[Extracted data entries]
"""

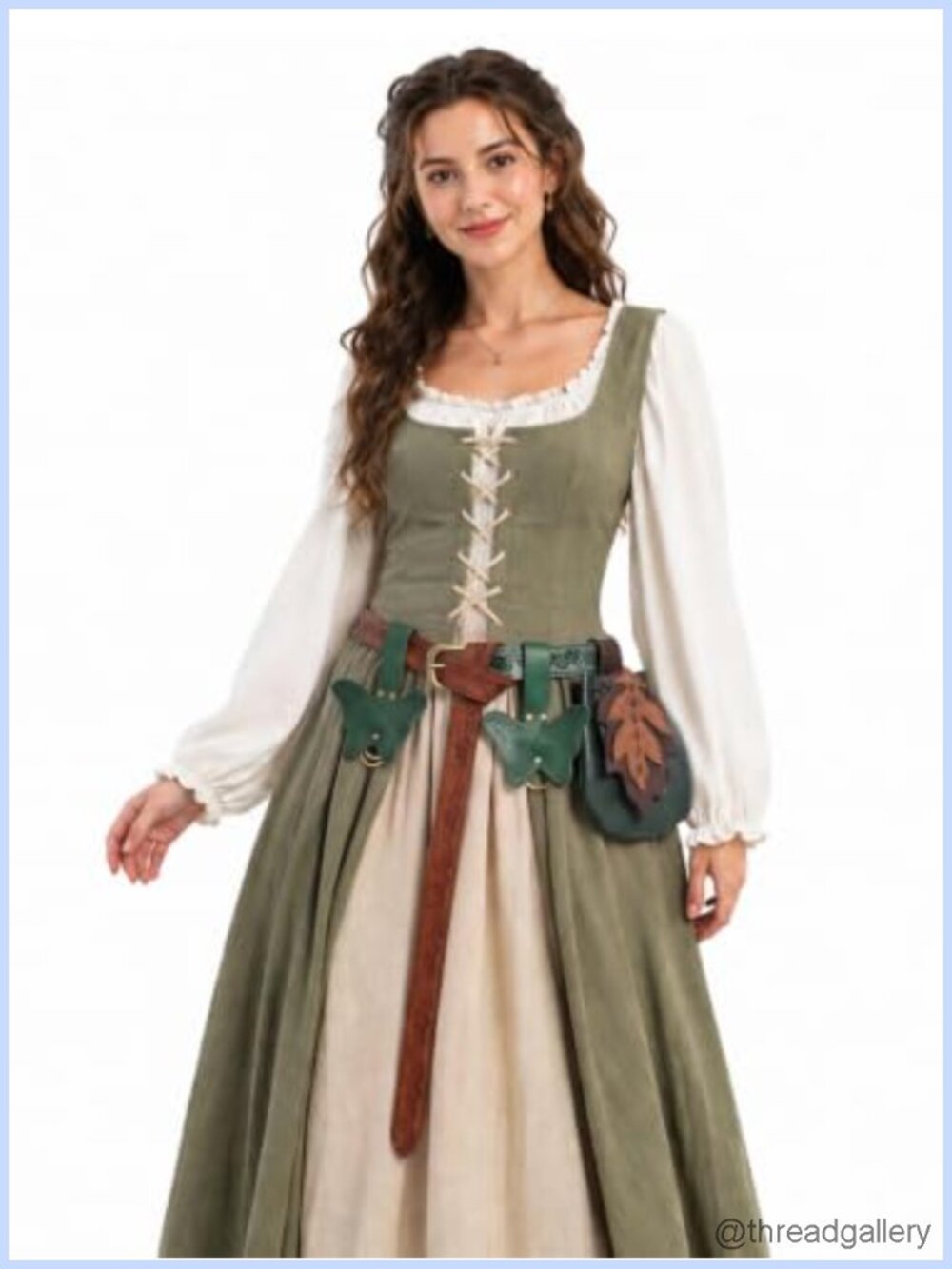 PU Leather Renaissance Belt Set Leaf Bag Skirt Hikes Medieval Viking Costume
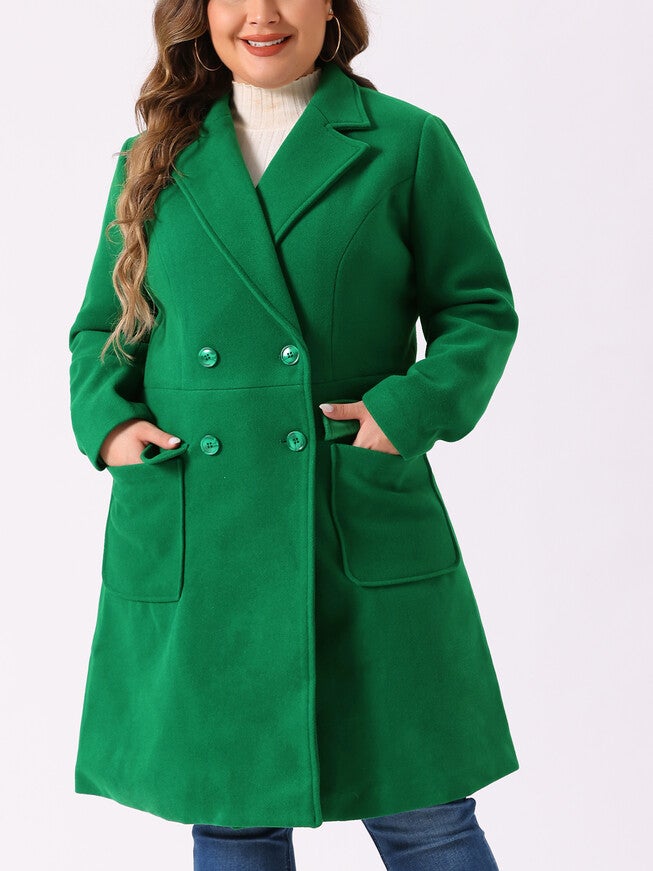 NOTCH LAPEL DOUBLE BREASTED PEA TRENCH COAT, Green / Kelly Green, alternate image number 1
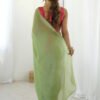 Graceful Moss Green Sparkle Silk Ready-to-Wear Saree
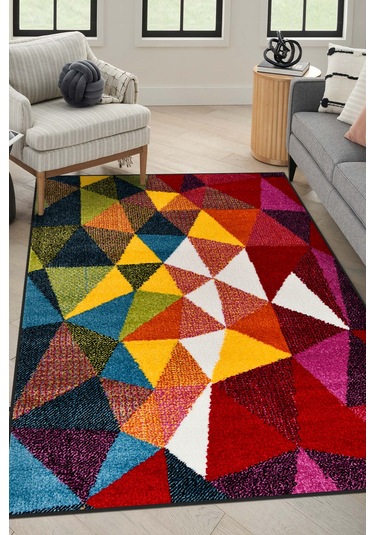 Colora Halı Koleksiyonu Yumuşak Renkli Kare Halı, Tozumaz, Modern Tasarım Ve Kolay Temizlik Multi 3
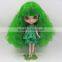 Hot sales shag afro curly bright green neo blythe doll wigs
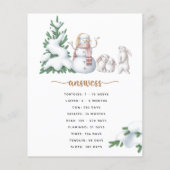 Papier Baby shower d'hiver de grossesse animale (Dos)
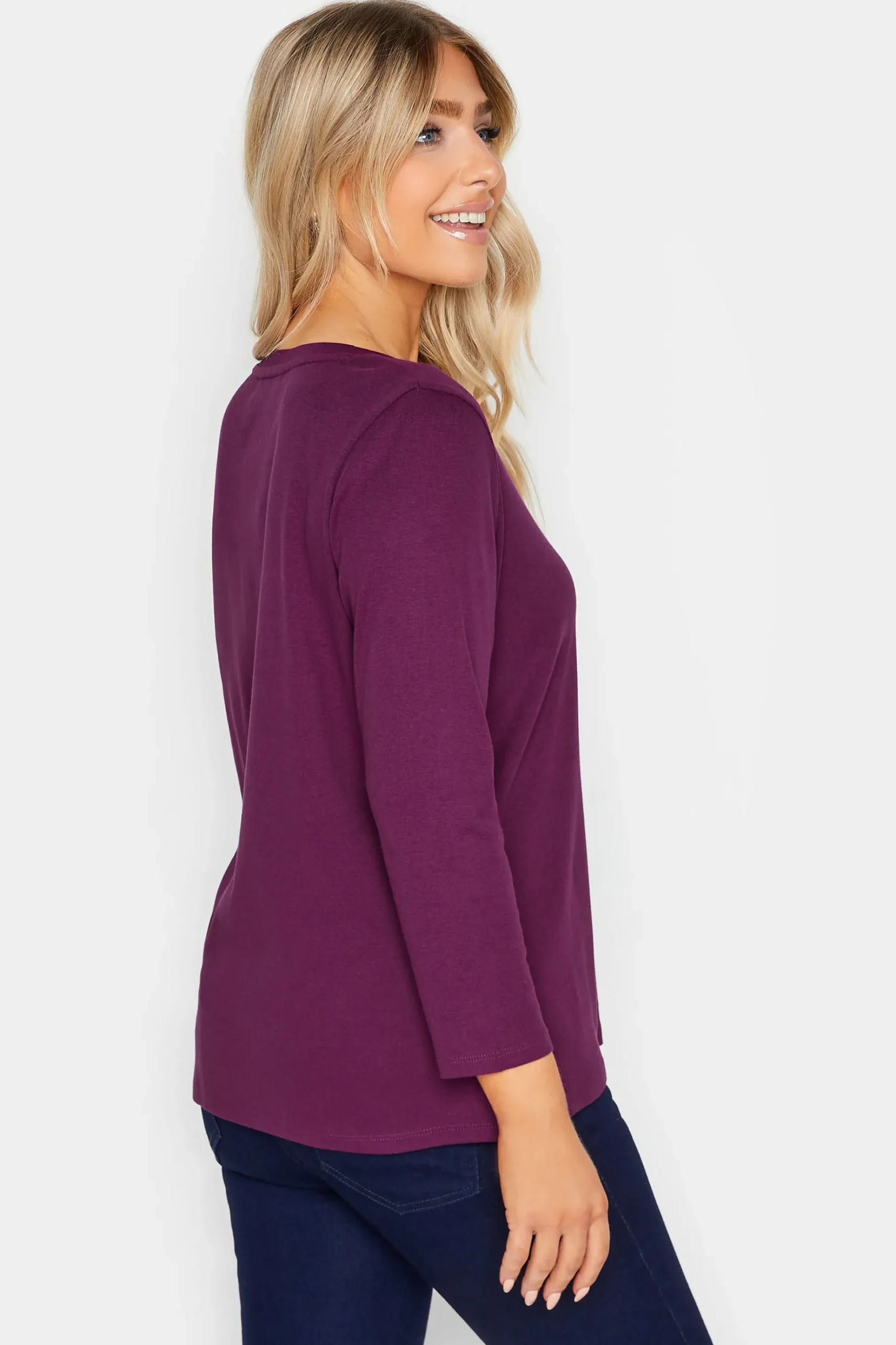 M&Co Womens M&Co Purple Long Sleeve Cotton Blend Top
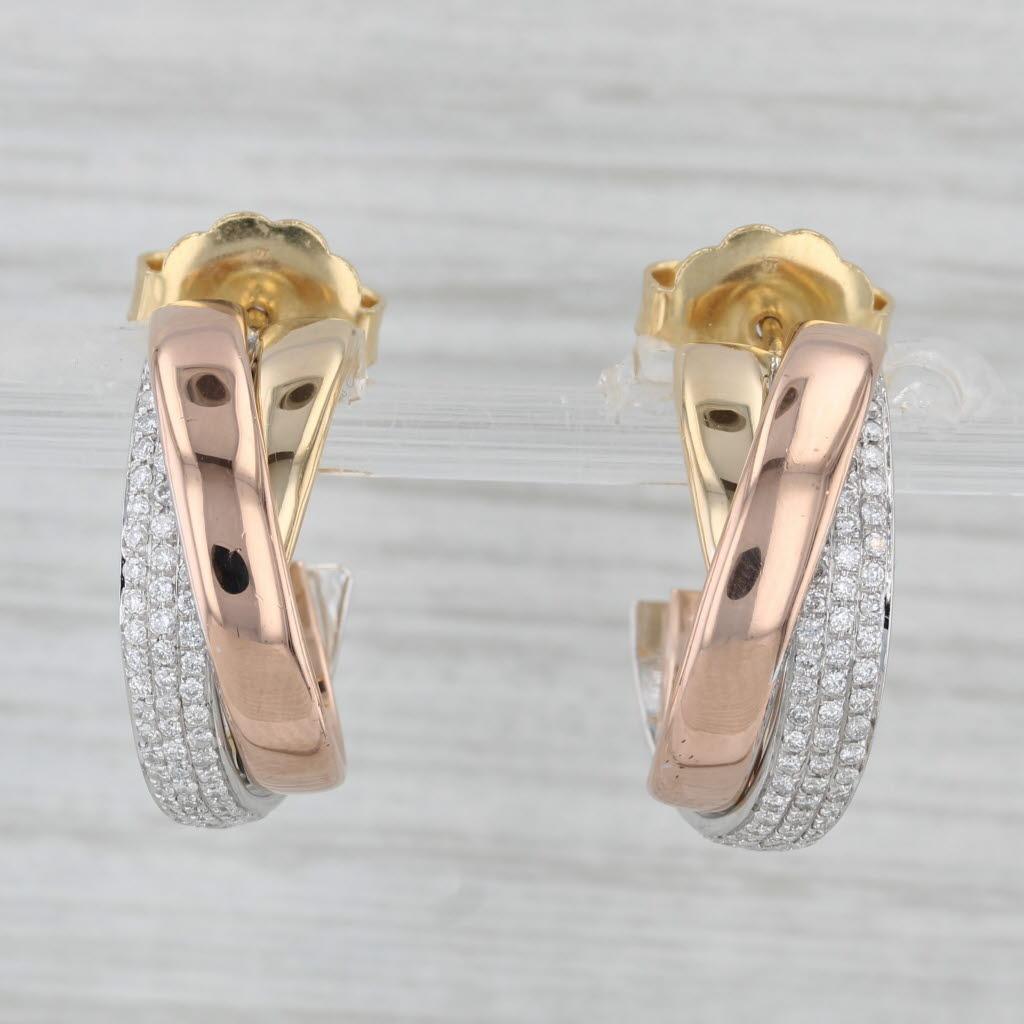 Taille ronde Créoles superposées en or jaune, blanc et rose 18 carats avec diamants de 0,90 carat en vente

"""

> [WHAT IS REQUIRED]: Word for word, restate the records shown above, minus the pictures.

> [TASK OUTPUT]:
 PU Leather Renaissance Belt Set Leaf Bag Skirt Hikes Medieval Viking Costume
 NOTCH LAPEL DOUBLE BREASTED PEA TRENCH COAT, Green / Kelly Green, alternate image number 1
 Graceful Moss Green Sparkle Silk Ready-to-Wear Saree
 Colora Halı Koleksiyonu Yumuşak Renkli Kare Halı, Tozumaz, Modern Tasarım Ve Kolay Temizlik Multi 3
 Hot sales shag afro curly bright green neo blythe doll wigs
 Papier Baby shower d'hiver de grossesse animale (Dos)
 M&Co Womens M&Co Purple Long Sleeve Cotton Blend Top
 Taille ronde Créoles superposées en or jaune, blanc et rose 18 carats avec diamants de 0,90 carat en vente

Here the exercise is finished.